Khalilah Harris, managing director for K-12 Education Policy at the Center for American Progress presented “Ending the EduWars: Developing Community-Informed Policy to Expand Opportunity for America’s Youth” on Monday, April 8, at 7 p.m. in the Patricia Bush Tippie Alumni Center. The event was hosted by the Law and Policy Program as part of this month’s series of education policy seminars.

Harris’s lecture focused on EduWars — debates on various education policies — specifically those which affect students of color. She began by quoting the Topeka case from the Brown v. Board decisions from the 1950s.

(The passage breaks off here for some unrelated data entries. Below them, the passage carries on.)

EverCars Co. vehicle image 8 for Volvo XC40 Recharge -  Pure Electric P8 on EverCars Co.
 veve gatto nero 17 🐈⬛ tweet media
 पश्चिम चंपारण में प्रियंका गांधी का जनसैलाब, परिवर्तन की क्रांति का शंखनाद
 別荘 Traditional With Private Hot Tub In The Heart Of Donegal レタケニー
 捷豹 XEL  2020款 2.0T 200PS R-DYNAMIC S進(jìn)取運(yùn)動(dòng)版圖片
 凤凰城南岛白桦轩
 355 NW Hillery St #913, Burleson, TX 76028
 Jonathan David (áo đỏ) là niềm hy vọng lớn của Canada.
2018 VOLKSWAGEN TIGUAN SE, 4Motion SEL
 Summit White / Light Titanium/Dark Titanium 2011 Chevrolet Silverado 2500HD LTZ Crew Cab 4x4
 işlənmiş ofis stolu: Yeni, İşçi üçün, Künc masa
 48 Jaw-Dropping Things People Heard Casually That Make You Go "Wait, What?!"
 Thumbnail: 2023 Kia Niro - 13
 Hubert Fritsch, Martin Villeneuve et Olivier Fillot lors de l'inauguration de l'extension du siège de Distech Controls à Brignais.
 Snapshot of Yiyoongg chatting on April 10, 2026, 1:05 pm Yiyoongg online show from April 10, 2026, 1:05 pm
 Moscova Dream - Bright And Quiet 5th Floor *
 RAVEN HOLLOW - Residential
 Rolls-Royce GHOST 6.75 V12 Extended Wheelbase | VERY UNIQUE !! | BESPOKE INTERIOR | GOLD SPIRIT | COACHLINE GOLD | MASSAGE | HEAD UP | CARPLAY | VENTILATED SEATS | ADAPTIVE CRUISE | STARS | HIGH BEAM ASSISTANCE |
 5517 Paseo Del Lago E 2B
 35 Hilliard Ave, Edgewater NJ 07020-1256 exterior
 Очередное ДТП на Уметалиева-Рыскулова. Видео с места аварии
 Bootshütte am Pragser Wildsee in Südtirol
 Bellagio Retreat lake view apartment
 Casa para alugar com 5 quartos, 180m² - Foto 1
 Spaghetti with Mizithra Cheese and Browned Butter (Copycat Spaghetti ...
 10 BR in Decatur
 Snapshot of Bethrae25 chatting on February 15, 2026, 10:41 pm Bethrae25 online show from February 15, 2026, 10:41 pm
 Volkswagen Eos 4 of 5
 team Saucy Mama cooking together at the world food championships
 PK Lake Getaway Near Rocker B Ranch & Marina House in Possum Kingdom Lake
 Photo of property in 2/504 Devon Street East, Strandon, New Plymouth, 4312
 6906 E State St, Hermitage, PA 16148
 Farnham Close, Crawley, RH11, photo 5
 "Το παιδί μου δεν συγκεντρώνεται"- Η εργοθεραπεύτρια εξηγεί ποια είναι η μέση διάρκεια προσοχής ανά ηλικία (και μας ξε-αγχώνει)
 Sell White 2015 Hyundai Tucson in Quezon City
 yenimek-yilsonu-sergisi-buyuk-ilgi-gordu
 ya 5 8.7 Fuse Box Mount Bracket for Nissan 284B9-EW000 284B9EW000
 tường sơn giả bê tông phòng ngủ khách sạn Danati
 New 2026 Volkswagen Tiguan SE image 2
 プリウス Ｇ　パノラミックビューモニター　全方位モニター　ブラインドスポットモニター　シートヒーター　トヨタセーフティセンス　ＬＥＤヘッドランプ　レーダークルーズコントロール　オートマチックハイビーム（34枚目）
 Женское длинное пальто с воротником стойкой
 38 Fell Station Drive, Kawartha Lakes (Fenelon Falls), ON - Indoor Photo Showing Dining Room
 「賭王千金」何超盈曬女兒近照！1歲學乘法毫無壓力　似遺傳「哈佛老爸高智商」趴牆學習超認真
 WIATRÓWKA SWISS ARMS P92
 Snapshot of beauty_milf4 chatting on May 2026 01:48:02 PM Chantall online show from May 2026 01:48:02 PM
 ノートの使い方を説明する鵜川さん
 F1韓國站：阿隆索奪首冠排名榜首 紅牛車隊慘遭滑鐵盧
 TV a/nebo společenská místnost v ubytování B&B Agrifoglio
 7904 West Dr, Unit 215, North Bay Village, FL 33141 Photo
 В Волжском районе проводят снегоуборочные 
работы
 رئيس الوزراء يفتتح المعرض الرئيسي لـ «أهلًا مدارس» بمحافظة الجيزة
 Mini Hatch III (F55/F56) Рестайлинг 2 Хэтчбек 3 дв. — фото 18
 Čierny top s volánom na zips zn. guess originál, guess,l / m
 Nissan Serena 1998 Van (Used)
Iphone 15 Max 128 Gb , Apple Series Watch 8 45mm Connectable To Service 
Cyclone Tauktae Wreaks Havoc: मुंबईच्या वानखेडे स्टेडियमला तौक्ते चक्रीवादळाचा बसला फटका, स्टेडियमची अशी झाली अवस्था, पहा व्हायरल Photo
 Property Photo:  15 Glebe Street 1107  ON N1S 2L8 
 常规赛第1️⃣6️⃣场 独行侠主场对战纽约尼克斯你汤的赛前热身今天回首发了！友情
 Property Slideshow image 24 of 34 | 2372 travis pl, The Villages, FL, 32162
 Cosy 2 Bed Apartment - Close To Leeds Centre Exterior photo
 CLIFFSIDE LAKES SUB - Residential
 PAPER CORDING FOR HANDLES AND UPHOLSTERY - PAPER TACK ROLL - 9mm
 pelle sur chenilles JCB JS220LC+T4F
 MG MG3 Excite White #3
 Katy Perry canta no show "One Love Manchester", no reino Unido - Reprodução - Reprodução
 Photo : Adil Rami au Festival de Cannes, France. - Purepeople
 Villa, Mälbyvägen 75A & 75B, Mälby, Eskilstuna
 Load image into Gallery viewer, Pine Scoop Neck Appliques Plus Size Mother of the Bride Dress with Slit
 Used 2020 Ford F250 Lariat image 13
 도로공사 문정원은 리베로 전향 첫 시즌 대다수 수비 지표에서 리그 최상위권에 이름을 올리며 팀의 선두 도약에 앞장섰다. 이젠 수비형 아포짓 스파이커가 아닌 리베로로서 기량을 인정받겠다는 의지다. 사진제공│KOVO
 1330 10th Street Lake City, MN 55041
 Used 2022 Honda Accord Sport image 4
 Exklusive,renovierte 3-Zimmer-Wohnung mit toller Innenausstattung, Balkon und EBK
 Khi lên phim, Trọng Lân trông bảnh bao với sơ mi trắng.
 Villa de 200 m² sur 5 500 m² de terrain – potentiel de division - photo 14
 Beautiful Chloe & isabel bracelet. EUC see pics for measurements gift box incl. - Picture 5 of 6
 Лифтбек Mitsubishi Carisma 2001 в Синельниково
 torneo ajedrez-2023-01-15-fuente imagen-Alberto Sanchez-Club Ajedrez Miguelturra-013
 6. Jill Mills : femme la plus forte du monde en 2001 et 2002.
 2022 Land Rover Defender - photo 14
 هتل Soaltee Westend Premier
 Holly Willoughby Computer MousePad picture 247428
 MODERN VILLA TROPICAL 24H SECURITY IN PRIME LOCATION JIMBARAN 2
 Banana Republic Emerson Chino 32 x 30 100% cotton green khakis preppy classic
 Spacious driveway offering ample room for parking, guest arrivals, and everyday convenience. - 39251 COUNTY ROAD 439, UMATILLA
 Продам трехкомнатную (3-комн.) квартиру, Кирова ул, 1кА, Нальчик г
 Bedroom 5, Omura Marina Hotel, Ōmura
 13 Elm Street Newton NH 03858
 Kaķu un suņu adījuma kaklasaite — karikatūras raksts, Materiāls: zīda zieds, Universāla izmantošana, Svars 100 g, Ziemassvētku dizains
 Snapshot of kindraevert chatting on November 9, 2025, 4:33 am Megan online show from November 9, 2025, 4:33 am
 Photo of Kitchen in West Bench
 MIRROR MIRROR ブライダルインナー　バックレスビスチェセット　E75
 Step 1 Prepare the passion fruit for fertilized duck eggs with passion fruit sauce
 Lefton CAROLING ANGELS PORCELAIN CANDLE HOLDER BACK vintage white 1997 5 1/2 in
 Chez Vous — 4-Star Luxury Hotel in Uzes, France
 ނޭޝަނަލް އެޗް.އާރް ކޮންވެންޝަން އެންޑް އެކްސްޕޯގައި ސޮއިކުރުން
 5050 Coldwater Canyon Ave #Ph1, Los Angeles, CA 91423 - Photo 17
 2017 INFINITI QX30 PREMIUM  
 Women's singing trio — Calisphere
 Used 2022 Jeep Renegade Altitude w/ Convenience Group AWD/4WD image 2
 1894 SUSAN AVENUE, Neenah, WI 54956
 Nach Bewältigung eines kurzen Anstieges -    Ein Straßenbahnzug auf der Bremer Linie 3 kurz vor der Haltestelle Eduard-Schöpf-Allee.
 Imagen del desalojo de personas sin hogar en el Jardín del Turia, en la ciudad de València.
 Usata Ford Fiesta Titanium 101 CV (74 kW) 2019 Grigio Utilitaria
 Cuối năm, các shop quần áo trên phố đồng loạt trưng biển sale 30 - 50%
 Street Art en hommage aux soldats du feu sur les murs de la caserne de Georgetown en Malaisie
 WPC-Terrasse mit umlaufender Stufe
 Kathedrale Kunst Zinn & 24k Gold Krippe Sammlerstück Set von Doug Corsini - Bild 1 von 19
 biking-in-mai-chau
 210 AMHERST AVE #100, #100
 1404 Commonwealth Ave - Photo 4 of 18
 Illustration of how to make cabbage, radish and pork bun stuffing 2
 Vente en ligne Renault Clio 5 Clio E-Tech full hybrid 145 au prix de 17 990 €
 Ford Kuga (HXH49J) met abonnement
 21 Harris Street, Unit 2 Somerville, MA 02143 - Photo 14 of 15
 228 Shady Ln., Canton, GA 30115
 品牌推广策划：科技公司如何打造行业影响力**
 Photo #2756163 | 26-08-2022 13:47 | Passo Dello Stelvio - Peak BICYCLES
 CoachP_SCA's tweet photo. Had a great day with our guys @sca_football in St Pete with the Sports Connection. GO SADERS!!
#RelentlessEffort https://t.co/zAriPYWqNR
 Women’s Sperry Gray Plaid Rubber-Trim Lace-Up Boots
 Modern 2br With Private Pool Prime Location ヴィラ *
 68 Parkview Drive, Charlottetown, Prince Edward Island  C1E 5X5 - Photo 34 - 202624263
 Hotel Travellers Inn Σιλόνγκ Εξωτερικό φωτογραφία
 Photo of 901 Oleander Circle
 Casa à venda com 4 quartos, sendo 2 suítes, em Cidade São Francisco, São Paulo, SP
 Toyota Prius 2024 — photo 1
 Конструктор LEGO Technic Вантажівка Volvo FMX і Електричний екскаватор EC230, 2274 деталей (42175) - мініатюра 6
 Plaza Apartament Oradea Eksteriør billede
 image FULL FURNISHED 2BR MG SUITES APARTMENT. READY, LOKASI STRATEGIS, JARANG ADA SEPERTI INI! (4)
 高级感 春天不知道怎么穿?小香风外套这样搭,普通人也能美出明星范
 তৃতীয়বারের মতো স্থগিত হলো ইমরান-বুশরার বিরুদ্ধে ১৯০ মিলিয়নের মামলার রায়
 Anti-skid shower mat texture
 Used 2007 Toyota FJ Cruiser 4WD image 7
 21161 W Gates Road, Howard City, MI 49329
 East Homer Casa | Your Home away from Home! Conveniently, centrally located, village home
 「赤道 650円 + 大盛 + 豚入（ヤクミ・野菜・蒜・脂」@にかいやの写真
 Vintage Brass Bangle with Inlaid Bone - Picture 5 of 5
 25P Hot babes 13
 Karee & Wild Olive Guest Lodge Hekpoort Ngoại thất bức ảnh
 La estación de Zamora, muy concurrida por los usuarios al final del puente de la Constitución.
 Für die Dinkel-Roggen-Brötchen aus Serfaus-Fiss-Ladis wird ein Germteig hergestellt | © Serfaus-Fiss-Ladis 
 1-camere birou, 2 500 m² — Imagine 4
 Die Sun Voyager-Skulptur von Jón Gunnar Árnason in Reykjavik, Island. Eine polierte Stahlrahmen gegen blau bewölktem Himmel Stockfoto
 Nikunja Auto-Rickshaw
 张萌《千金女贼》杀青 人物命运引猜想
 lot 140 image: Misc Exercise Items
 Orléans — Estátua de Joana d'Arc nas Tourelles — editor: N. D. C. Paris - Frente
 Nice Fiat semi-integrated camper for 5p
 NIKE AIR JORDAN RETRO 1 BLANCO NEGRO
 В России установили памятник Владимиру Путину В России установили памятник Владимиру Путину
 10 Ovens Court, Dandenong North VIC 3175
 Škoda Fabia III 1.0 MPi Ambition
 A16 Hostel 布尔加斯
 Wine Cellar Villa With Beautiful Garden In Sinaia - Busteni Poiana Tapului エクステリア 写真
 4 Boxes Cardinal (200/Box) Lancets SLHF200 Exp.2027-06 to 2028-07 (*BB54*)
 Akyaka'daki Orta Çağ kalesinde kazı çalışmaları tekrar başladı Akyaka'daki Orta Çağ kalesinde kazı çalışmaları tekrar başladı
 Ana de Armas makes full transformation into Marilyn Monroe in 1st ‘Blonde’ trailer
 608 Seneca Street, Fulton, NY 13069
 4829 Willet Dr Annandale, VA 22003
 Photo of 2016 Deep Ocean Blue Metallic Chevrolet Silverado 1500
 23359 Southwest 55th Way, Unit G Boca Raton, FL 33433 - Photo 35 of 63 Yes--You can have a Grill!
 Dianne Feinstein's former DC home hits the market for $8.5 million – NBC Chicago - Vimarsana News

“‘Segregation with the sanction of law … has a tendency to retard the educational and mental development of negro children, and to deprive them of some of the benefits they would receive in a racially integrated school system.’ Does this sound like a seminal, educational decision that supports black students and their brilliance?” Harris asked the audience.

This exemplary definition of what was happening to black children, according to Harris, implies black children who can’t sit next to white children feel inferior, and this is why they felt as though they could not achieve.

“It’s interesting that many people haven’t actually read the Brown decision,” Harris said. “They say things like ‘Brown ended segregation in schools. Brown is what we should look towards to make sure we are ensuring all students have access to opportunity.’ May 17th is the 65th anniversary of the Brown decision, and people are still trying to chase equity based on this case.”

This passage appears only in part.